The PreProd Organization acts as a staging environment to make sure that everything functions properly with the newly developed features and configurations.
- Make sure that the prerequisites are satisfied for this environment as mentioned above.
- Download the custom-control-tower-configuration.zip file from the PreProd Organization folder.
- Download the ip-populator.zip from the PreProd Organization folder.
- Follow the same deployment instructions as performed above, but this time perform the actions in the management account, Network Hub account, and spoke accounts in the PreProd environment.
- Modify the parameters in the vpc-cidr-populator.json and vpc-automation-in-spoke.json, as per the provided instructions in the .json files.
- Upload the custom-control-tower-configuration.zip to the custom-control-tower-configuration-<accountId>-<cfct-region> Amazon S3 bucket located in the PreProd Management Account.
- Once the customizations pipeline is finished, navigate to the CodePipeline console in the PreProd management account to validate that the Custom-Control-Tower-CodePipeline is in the Succeeded state. Navigate to the StackSets section of the CloudFormation console to further validate and see the deployed StackSets.
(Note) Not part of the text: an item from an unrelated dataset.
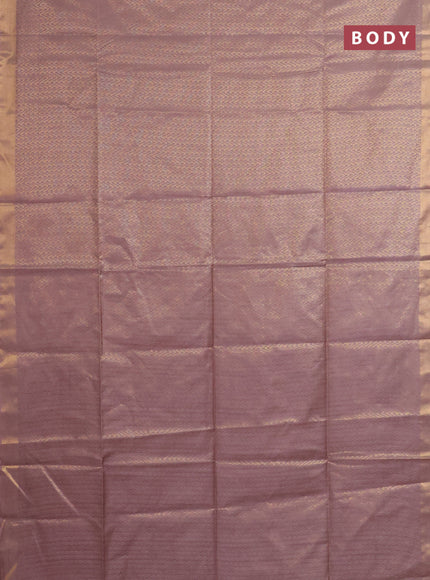 Semi munga jacquard saree brown shade with allover zari weaves and zari woven border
How does the IPAM solution integrate with existing accounts and VPCs
To populate the DynamoDB table with all of the existing VPC CIDRs from the existing accounts in a given Region, adhere to the following steps:
- Log in to the AWS account in which you have your existing VPCs that you would like to integrate with our solution.
- Navigate to the CloudFormation console, and deploy the “automation-for-existing-accounts.yml” template.
- Input two parameters – the DynamoDB table name and the Network Hub Account ID. The table name can be found in the AWS Systems Manager Parameter Store in the management account (“org/sharedservice/networking/DynamoDBforVPCCIDR”). Additionally, you can get the table name by navigating to the DynamoDB console in the Network Hub account.
- Deploy the template by accepting the prompts.
- After the stack has been successfully deployed, you can navigate back to the Network Hub account to see the existing VPC CIDRs populated in the DynamoDB table.
- The same steps can be repeated in multiple accounts as required.
Note that if the DynamoDB table already has the CIDR and it conflicts with one of the VPC CIDR’s queries by the Lambda function in the above template, then it logs an information message to the CloudWatch Logs. Furthermore, it doesn’t populate the conflicting CIDRs to the table.
After successful testing and validation, all of the resources deployed through CloudFormation templates should be deleted to avoid any unwanted costs. Simply go to the CloudFormation console, identify the appropriate stacks, and delete them.
Note that if you use a multi-account setup, then you must navigate through account boundaries and follow the above steps as needed.
This solution for IP address management that leverages AWS Control Tower customizations demonstrates how easy it is to centrally manage and size your VPCs as per your application requirements. The solution is integrated end-to-end with CfCT. This provides a DevOps approach for the IPAM solution, which creates an up-to-date overview of the IP address space that is available to your organization. Moreover, provides the flexibility of having different CIDR sizes – small, medium, and large. We hope that you’ve found this post informative, and we look forward to hearing how you use our solution!